My name is Margaux Hall—I’m a partner in the Ropes & Gray health care group based in Washington, D.C., and I focus my practice on drug pricing and issues of market access around pharmaceuticals. I’m thrilled to be joined today by my two colleagues, also in the D.C. office, David Ault and Stephanie Webster. David brings to bear a real insider’s perspective on how agencies think about questions. He’s spent almost a decade at the Department of Health and Human Services, including serving as director of the division of financial risk within the Center for Medicare & Medicaid Innovation, also known as CMMI. Stephanie Webster is an administrative litigator who works on litigation and non-litigation matters that involve the central question of limits of agency action. Among other accomplishments, Stephanie led her team to victory before the Supreme Court in the landmark case, Allina, involving Medicare notice-and-comment rulemaking requirements. Stephanie also, earlier in her career, served within government in the office of general counsel at HHS.

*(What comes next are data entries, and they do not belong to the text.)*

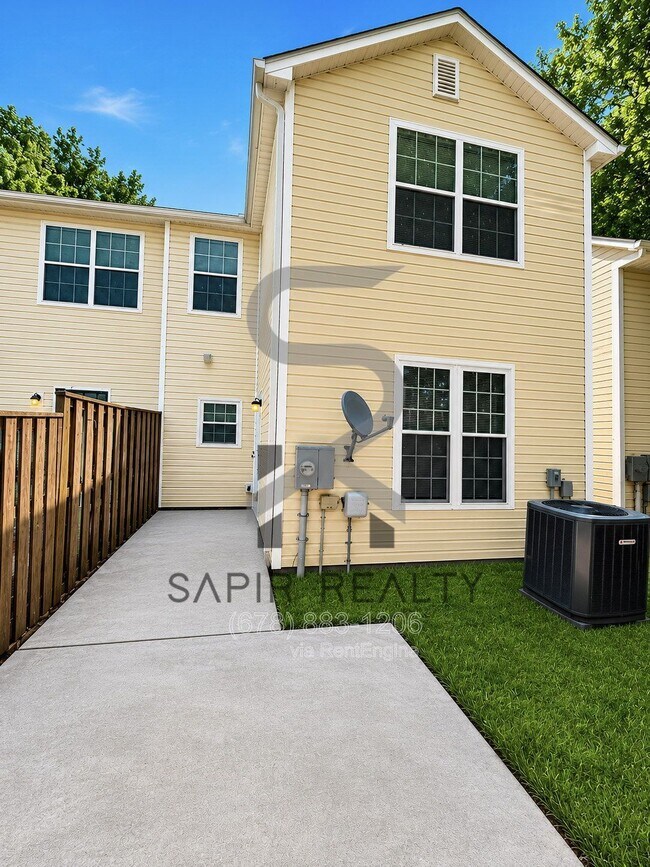 2339 Brianna Dr
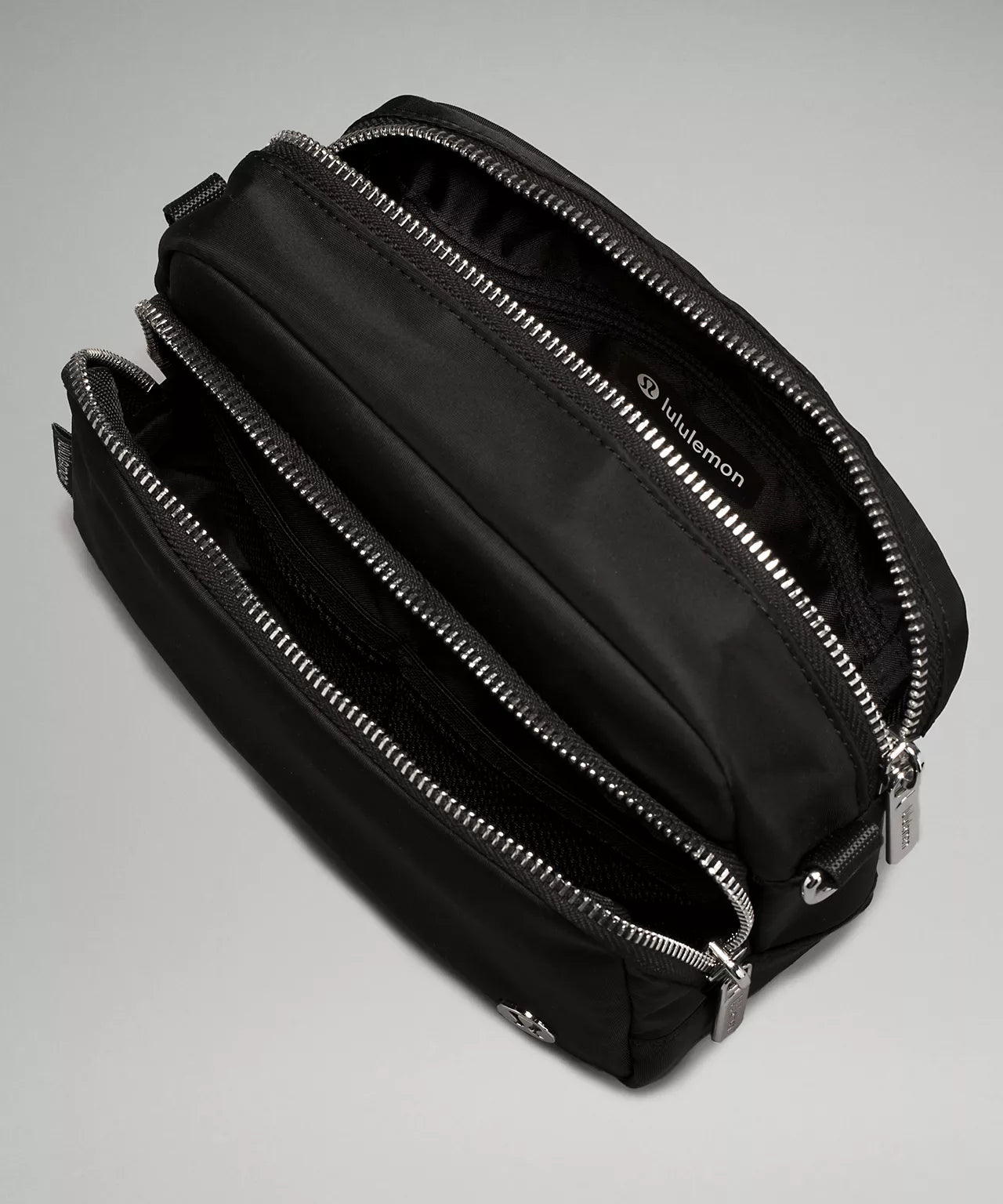 Everywhere Crossbody Bag 2L
Metal Hardware *Black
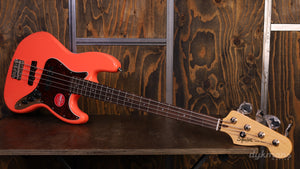 Squier Classic Vibe '60s Jazz Bass Tahitian Coral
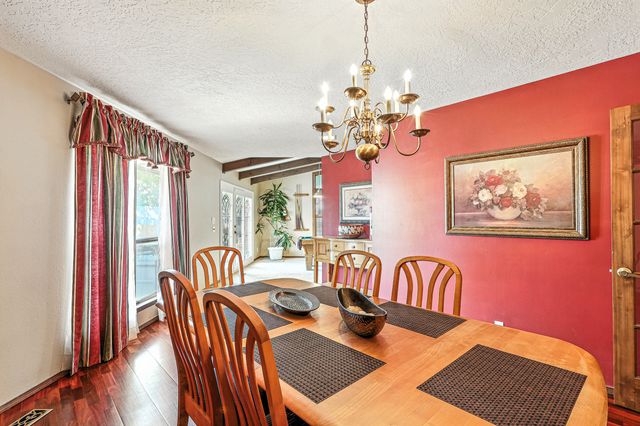 9801 Greenbrier Road NE, Albuquerque, NM 87111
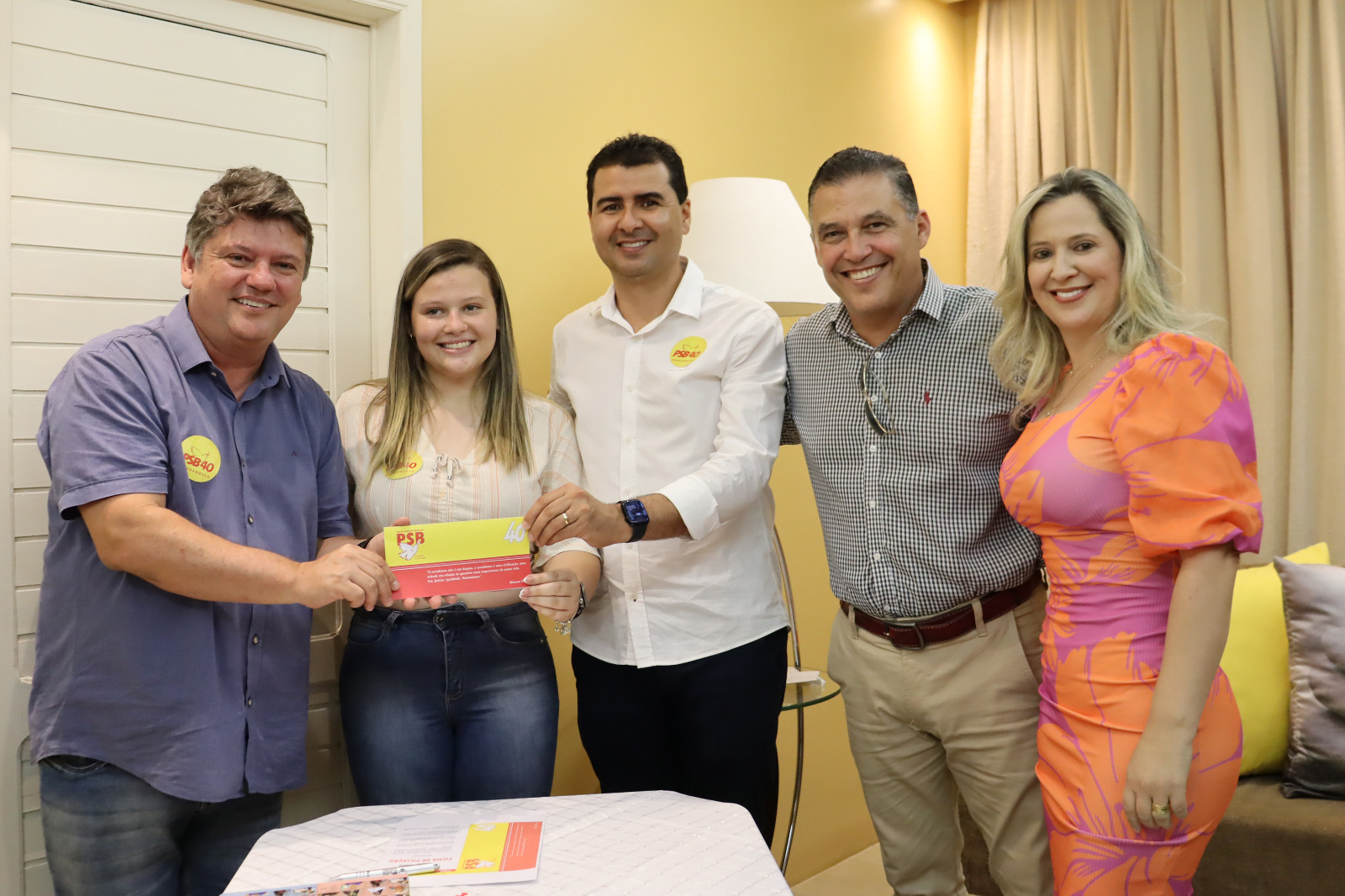 PSB filia Alejandra Ruiz, liderança jovem de Panelas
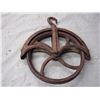 Image 3 : Vintage Well Pulley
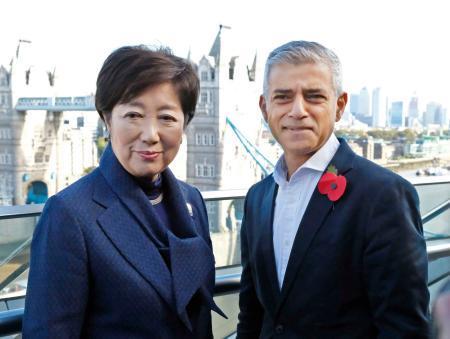 　ロンドン市庁舎で会談したカーン市長（右）と東京都の小池百合子知事＝３１日（共同）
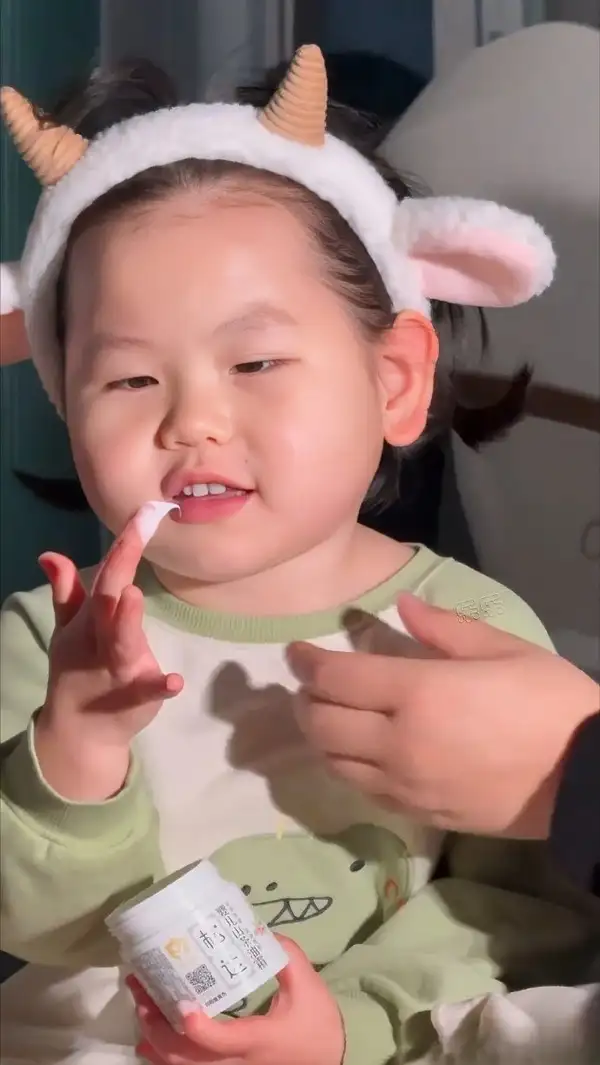 meme em bé dễ thương cute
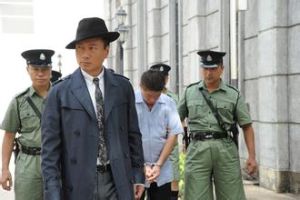 《神探高倫布》劇照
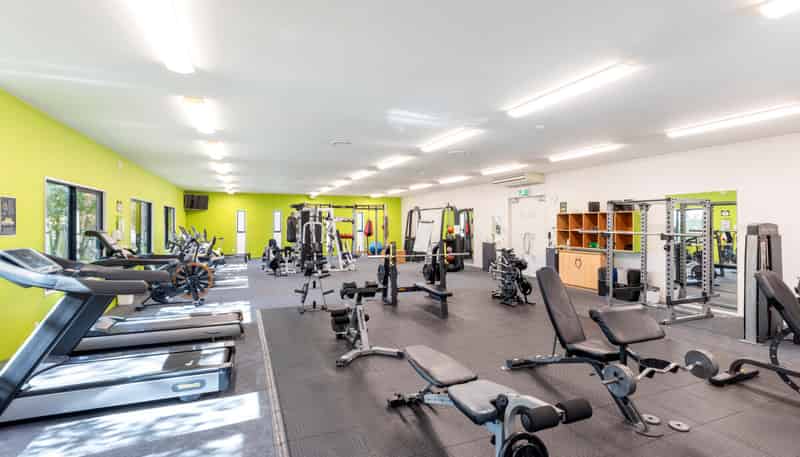 B6a, 92  Russley Road , Russley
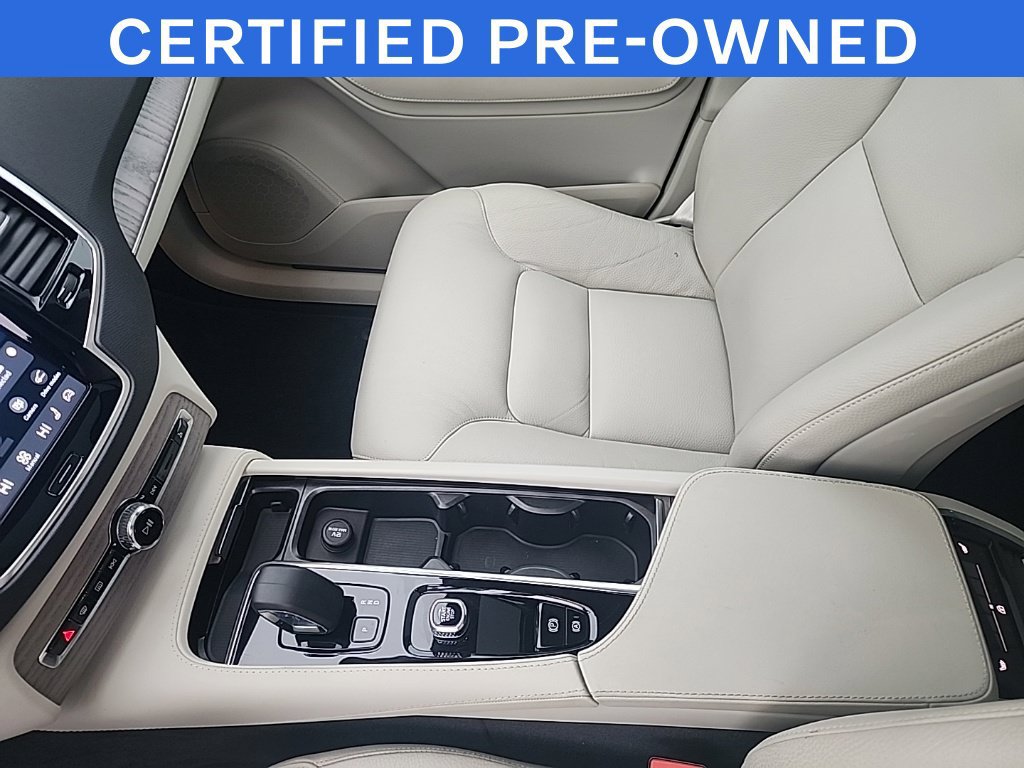 Used 2023 Volvo XC90 B6 Plus w/ Protection Package Premier AWD/4WD image 12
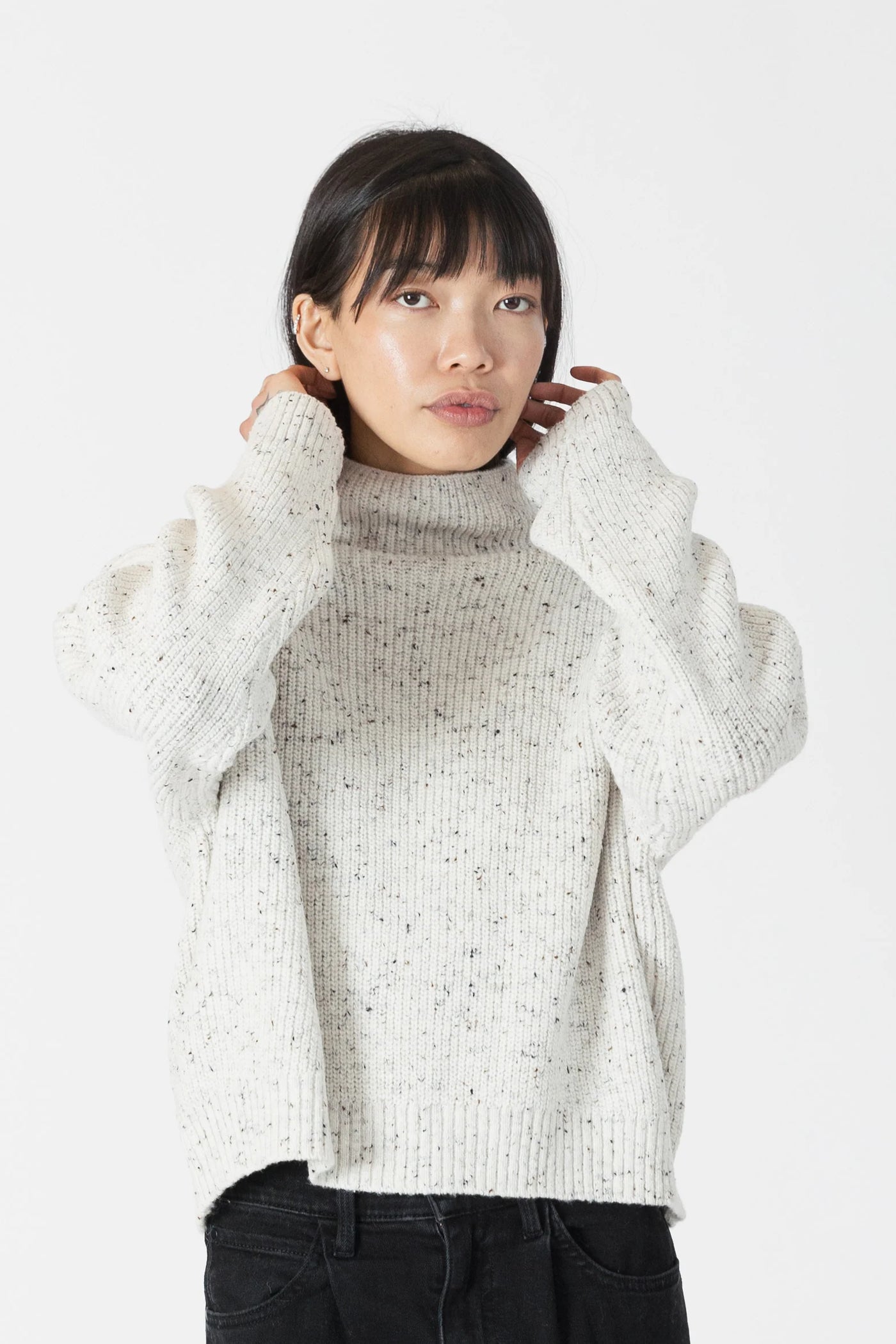 Lyla & Luxe Flecked Ribbed Mock neck Sweater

I’m going to start today by briefly describing three key recent events that relate to drug pricing, and then we’re going to collectively discuss what these mean as we think about agency action in this space. First, I’ll talk about the Inflation Reduction Act and its Drug Price Negotiation Program. Second, I’ll discuss accumulators, and recent litigation challenging the lawfulness of agency policy that permits these programs. And third, I’ll discuss the recent Executive Order from President Biden, directing CMMI to test new models to lower drug pricing.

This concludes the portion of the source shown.